Les points de vue exprimés dans les articles d’opinion sont strictement ceux de l'auteur et ne reflètent pas forcément ceux de la rédaction.
Publié le 25 janvier 2014
- A +

Par Didier Maréchal(*). 

Conférence de presse de François HollandeLes mesures libérales à mettre en œuvre en France ont été abondamment décrites, notamment  sur Contrepoints, et sont facilement accessibles à tous. Mais que faudrait-il pour que cette révolution ait lieu ?

Pour que la France devienne un pays libéral, il faudrait notamment que les deux conditions suivantes soient remplies :

1. Que ses élites dirigeantes promeuvent (ou au moins tolèrent) le reflux de l’État vers ses fonctions régaliennes, n’incluant pas la santé, l’éducation, les transports, l’énergie,…

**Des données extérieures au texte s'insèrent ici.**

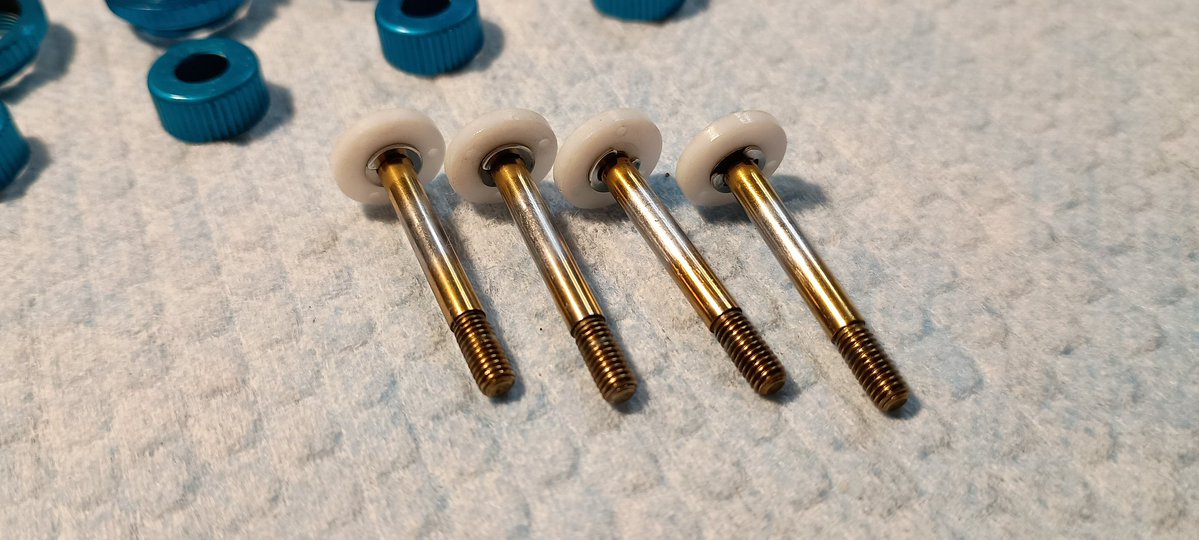 noriponRC's tweet image. お晩です‼️
引き取ったTA07 Rくん付属のTRFダンパー、まぁまぁダメージ喰らってます💦
ロッドガイドはハードタイプに交換するけど、チタンコートが剥がれたピストンロッドも交換かな…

Or, elles n’auraient pas un intérêt personnel immédiat à ce cantonnement de la sphère publique. En effet, plus un homme politique dispose de joujoux  leviers à manœuvrer (et de possibilités de placer ses copains de promo), plus il a le sentiment d’exister en prenant du plaisir, tout en étant persuadé que son action est utile à ses contemporains.

En conséquence, il est du devoir de tout libéral ayant l’occasion d’échanger avec un décideur public (élu notamment) de lui faire prendre conscience que notre beau pays est en train de mourir, écrasé par le poids de la fiscalité, de la dette, de la réglementation, des monopoles, de la connivence public/privé et de l’assistanat généralisé et institutionnalisé. Que les Français n’ont pas besoin que l’on s’occupe d’eux, qu’on les protège ou que l’on résolve leurs problèmes. Mais que l’État leur permette de contracter librement et en paix, et de conserver l’essentiel du fruit de leur travail et de leur patrimoine. La plupart des problèmes rencontrés par les Français est due à l' »action » des politiques (déficits et dettes, chômage, insécurité, mal-logement, manque de compétitivité …)

Il faut donc le convaincre que si son action est limitée à veiller à la sécurité, intérieure et extérieure, à une bonne et efficace justice, à gérer la diplomatie,  la voirie (et encore..), il rendra un sacré service à son pays. Pour deux raisons : d’abord, parce que le marché est toujours plus efficient qu’une brigade de hauts-fonctionnaires, même énarques et de surcroit dans les faits, irresponsables. Ainsi, il s’évitera (peut-être) d’avoir à gérer le naufrage d’un État obèse. Ensuite, que s’il se consacre exclusivement et efficacement aux fonctions régaliennes, il serait logique que la Police, Justice, …procurent une qualité de services que les contribuables sont en droit, raisonnablement, d’attendre. Pour ces deux raisons, il pourrait en plus bénéficier de la reconnaissance de ses électeurs. La campagne pour les élections municipales qui s’ouvre est propice à des échanges avec les prétendants aux mandats : que tout libéral en profite pour marteler notre message et casser la tête aux candidats, notamment à ceux qui ont une sensibilité libérale, comme Hervé Morin du Nouveau Centre !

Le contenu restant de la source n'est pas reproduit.